# [AIM OF THE TASK]
Each line below from the "CP-7510 KAVO PARTS Комплект зчеплення" line through the "reacties, 10 stemmen" line, those two included, must be restated word for word; the pictures must not be.

# [STORED DATA]
►

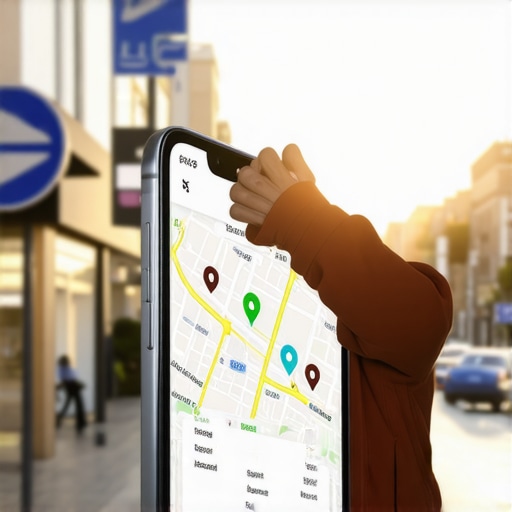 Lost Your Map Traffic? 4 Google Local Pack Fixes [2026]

◄
►

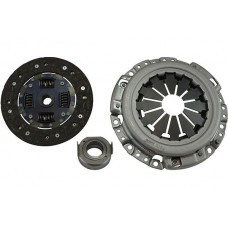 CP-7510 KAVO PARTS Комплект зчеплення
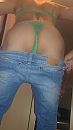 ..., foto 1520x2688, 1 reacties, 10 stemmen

◄

# [RESPONSE]
 CP-7510 KAVO PARTS Комплект зчеплення
 ..., foto 1520x2688, 1 reacties, 10 stemmen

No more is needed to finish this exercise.